What is needed ▸
Restate word for word the lines of the material below, from the line with "1-к кв. Амурская" to the line with "5TDXZ3DCXJS942064 2018 TOYOTA SIENNA", both lines included, and no others.
----
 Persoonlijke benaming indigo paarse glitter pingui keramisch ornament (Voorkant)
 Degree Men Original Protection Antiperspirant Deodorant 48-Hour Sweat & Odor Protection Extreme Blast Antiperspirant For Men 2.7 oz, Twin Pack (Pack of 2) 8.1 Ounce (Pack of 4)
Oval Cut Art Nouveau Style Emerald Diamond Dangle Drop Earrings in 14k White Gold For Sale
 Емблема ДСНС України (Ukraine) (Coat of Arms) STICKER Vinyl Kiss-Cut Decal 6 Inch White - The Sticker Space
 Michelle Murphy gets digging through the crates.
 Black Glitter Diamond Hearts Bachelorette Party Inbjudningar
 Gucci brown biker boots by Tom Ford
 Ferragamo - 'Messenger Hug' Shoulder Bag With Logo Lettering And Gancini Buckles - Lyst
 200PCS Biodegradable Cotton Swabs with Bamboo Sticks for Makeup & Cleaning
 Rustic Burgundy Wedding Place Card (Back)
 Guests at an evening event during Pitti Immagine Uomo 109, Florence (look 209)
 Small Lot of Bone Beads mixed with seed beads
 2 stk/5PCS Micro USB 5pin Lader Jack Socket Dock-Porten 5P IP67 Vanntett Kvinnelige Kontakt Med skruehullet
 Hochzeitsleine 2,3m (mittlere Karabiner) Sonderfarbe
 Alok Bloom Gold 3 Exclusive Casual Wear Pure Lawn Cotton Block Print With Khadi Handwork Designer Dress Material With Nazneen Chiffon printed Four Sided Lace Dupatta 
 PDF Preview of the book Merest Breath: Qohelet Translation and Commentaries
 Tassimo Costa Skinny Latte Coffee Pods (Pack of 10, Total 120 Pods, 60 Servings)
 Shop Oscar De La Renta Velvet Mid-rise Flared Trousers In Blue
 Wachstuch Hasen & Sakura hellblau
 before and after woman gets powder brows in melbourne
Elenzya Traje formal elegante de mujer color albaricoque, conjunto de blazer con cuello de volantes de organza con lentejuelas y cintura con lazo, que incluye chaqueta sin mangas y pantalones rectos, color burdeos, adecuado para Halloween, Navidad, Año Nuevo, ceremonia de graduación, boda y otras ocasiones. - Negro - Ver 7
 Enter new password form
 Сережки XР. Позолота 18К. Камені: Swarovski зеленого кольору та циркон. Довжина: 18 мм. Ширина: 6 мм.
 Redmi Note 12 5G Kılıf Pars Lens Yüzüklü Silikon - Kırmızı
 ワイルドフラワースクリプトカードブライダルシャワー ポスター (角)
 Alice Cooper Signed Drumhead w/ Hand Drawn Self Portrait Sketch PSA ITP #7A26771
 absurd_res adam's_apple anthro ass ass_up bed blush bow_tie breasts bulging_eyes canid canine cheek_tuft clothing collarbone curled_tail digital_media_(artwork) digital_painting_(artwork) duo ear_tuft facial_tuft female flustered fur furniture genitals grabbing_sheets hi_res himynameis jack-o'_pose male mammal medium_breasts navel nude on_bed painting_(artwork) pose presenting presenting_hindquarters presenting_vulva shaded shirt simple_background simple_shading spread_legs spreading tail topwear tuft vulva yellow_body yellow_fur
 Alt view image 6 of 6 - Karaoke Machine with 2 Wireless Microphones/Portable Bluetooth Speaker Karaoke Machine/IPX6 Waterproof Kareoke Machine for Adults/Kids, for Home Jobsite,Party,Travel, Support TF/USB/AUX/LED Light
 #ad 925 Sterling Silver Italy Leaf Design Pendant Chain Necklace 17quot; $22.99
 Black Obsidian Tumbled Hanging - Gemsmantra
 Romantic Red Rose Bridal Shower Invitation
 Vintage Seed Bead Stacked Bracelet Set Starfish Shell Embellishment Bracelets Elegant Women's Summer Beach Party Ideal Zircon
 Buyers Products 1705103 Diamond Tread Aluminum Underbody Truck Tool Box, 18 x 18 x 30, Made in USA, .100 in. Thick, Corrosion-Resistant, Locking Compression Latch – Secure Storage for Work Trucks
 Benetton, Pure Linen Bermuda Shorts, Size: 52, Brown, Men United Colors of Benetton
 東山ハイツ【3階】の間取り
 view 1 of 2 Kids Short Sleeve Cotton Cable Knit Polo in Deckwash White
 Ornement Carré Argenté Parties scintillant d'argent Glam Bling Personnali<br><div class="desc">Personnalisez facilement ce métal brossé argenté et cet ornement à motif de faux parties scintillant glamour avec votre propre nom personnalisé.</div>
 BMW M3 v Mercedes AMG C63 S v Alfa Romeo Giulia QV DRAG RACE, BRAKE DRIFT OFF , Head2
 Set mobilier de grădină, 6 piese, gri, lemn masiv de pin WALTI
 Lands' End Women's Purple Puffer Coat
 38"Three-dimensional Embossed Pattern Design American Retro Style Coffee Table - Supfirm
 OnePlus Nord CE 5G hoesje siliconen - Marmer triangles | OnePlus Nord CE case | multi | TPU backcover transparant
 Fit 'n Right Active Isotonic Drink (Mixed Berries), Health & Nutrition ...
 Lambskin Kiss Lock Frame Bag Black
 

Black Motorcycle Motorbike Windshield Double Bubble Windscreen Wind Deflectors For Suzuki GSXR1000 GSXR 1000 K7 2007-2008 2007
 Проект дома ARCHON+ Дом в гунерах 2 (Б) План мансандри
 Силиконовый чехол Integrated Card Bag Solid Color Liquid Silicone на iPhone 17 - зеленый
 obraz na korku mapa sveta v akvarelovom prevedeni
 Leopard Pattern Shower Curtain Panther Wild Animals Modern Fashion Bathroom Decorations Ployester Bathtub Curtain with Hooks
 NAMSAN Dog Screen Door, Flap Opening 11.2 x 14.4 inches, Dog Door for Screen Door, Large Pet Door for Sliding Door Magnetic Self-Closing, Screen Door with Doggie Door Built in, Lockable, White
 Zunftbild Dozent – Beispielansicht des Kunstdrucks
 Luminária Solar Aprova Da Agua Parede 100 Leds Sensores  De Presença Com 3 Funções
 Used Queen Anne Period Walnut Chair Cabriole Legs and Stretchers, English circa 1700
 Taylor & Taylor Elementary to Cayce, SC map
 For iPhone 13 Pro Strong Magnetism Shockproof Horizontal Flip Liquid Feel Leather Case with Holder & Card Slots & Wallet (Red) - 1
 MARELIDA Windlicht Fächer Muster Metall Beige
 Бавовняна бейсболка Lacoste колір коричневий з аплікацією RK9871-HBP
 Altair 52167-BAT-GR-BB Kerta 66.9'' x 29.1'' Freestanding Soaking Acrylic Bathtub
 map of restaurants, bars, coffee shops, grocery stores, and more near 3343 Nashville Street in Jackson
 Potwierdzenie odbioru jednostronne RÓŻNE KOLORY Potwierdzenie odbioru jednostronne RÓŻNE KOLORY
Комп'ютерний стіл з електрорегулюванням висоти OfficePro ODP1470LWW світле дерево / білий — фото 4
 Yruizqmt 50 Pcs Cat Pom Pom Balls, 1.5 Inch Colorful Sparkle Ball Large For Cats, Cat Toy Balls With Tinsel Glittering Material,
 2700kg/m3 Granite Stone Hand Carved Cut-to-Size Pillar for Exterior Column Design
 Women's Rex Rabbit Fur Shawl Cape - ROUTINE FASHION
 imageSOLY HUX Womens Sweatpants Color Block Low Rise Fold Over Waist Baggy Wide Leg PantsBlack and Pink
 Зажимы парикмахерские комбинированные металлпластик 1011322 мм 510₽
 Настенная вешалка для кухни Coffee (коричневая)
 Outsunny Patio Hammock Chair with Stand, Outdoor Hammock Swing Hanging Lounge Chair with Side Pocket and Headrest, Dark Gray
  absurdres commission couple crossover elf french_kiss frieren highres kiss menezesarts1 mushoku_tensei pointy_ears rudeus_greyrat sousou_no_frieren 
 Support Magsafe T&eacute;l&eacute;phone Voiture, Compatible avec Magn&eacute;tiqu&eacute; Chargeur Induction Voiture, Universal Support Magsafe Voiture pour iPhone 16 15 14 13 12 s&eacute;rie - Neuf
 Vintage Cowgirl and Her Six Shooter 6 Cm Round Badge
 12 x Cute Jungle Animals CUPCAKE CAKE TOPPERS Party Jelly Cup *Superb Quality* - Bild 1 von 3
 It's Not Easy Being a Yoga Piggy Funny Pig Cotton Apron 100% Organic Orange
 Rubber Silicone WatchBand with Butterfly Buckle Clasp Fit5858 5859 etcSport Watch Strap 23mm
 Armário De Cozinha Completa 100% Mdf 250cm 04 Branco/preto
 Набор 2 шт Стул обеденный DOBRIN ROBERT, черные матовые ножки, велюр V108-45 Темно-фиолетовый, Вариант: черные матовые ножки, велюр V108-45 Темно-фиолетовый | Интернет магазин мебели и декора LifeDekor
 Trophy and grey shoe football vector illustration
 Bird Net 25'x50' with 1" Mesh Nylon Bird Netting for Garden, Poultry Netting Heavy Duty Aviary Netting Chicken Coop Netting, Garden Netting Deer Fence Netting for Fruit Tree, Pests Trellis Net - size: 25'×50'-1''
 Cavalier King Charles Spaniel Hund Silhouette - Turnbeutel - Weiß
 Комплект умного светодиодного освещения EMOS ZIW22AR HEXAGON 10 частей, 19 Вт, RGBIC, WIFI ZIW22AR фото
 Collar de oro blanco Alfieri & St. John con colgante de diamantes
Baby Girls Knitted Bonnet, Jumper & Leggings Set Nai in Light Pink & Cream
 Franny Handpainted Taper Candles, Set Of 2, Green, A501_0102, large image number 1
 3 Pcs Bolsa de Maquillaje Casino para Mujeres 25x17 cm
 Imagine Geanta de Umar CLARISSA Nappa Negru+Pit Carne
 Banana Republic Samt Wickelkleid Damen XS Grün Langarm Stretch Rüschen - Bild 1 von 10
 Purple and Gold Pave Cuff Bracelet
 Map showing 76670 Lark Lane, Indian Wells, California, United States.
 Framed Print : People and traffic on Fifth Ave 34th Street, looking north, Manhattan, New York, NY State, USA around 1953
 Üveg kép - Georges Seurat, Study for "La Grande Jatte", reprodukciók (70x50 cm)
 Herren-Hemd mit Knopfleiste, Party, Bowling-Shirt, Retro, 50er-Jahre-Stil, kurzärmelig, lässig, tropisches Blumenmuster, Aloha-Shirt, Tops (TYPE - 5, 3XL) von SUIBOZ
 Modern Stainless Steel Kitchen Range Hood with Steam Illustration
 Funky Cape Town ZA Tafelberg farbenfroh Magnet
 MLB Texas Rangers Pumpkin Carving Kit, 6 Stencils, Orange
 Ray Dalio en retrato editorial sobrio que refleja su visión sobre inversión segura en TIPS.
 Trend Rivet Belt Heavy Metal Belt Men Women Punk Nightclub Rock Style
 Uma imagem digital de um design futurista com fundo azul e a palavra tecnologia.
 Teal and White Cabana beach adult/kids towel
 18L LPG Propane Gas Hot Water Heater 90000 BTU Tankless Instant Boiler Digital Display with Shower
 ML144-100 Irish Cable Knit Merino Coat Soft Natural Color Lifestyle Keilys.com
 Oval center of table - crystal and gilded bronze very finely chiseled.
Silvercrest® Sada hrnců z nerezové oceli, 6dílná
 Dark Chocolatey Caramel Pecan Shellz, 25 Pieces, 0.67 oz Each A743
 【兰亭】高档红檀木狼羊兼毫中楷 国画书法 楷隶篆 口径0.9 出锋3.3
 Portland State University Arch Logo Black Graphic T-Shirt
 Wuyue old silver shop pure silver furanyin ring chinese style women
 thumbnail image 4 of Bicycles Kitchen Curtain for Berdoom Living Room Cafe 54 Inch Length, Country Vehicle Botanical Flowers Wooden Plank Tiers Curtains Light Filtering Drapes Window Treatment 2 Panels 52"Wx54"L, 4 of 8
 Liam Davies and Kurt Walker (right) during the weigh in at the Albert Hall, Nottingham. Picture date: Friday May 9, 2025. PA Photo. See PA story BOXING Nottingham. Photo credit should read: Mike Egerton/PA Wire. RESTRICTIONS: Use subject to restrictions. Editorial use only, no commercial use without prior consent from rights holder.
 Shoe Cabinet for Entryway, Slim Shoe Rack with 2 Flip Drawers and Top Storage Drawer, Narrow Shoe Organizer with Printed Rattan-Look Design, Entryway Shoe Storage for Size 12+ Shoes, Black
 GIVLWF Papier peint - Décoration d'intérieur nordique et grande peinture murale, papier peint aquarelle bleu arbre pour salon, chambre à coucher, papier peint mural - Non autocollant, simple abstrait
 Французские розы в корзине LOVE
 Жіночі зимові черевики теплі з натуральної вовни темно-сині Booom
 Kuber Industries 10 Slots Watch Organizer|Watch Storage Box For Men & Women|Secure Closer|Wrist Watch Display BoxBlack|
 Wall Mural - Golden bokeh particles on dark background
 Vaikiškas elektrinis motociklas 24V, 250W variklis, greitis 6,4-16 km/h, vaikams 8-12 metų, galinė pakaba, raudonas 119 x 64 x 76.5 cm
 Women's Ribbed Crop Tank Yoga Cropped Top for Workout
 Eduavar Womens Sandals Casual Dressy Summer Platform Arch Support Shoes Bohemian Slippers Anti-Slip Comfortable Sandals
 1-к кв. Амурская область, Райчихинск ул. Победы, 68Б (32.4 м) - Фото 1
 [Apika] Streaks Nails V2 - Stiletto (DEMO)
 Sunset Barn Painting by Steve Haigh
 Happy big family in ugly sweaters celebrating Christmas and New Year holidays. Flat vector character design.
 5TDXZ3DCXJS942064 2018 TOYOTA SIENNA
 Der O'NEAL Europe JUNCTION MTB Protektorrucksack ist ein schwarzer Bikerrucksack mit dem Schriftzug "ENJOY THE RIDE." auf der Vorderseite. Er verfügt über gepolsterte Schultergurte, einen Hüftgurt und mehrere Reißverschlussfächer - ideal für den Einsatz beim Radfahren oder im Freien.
----
Exercise answer ▸
 1-к кв. Амурская область, Райчихинск ул. Победы, 68Б (32.4 м) - Фото 1
 [Apika] Streaks Nails V2 - Stiletto (DEMO)
 Sunset Barn Painting by Steve Haigh
 Happy big family in ugly sweaters celebrating Christmas and New Year holidays. Flat vector character design.
 5TDXZ3DCXJS942064 2018 TOYOTA SIENNA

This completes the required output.